* [Aim of the task]:
With the pictures omitted, print exactly the lines below, from the one containing "Our Lady of" through the one containing "17 Vom Be-Sitzen", and nothing else.

* [Supplied data]:
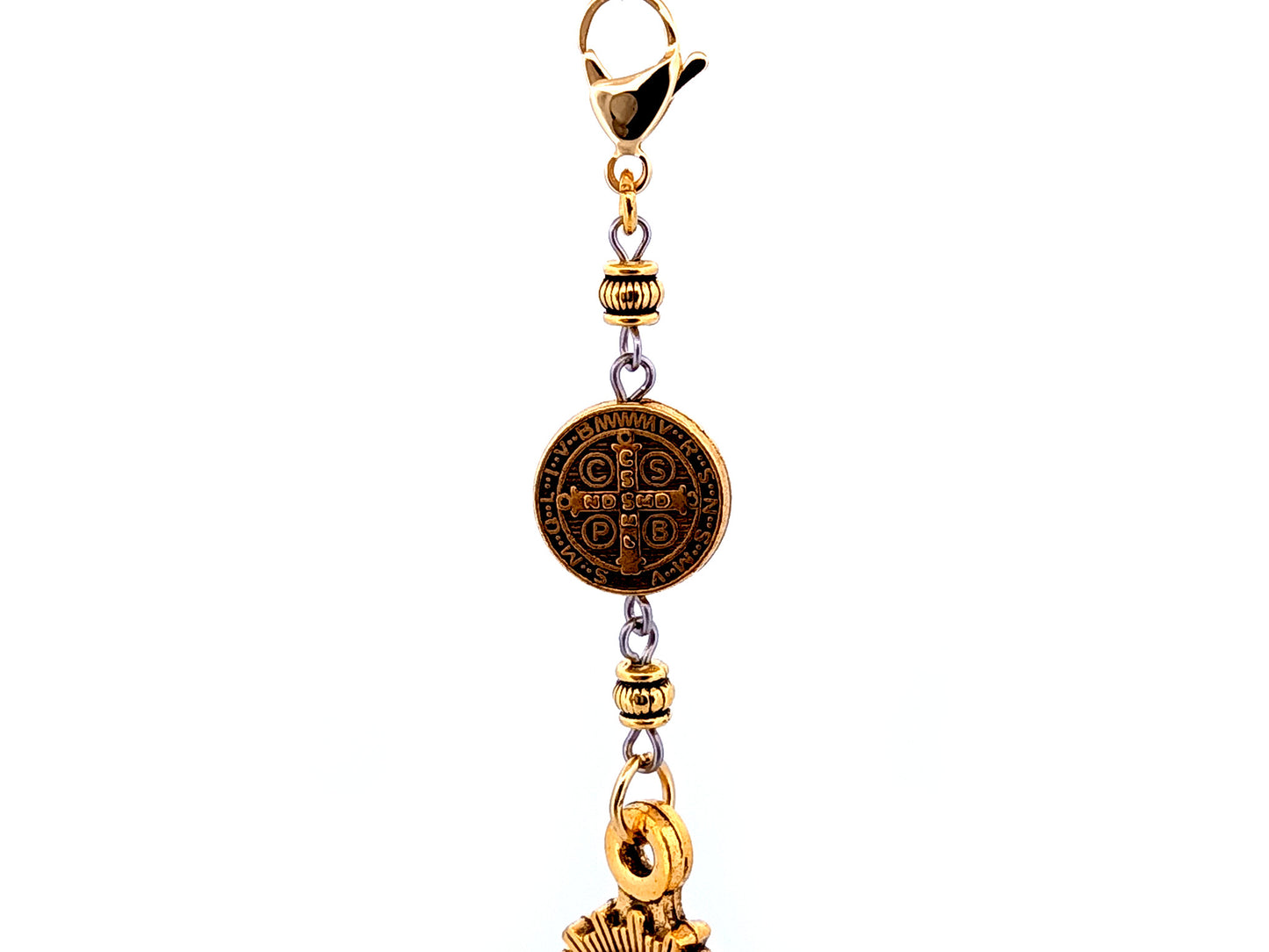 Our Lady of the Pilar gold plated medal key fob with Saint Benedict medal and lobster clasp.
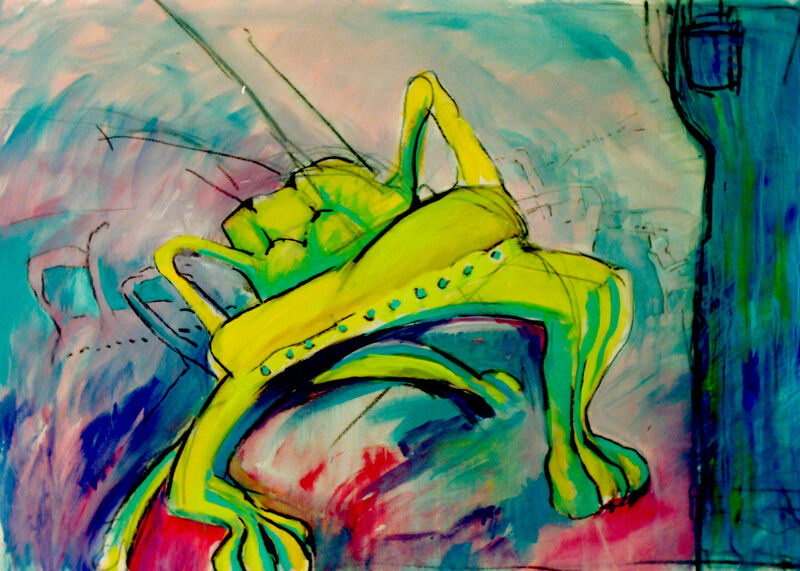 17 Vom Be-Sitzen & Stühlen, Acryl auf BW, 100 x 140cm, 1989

--

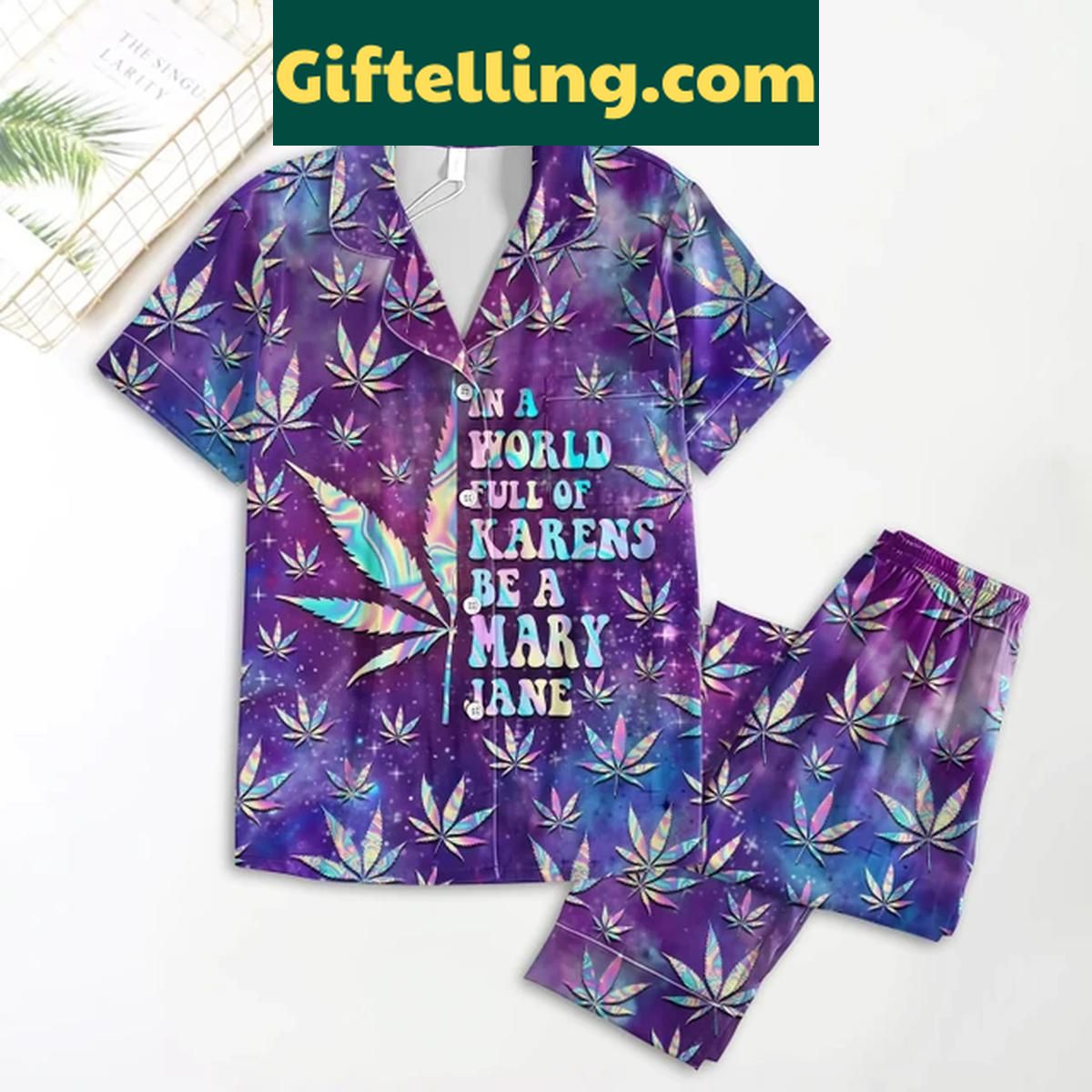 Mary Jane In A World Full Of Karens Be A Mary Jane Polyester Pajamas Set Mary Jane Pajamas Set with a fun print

* [Written answer]:
 Our Lady of the Pilar gold plated medal key fob with Saint Benedict medal and lobster clasp.
 17 Vom Be-Sitzen & Stühlen, Acryl auf BW, 100 x 140cm, 1989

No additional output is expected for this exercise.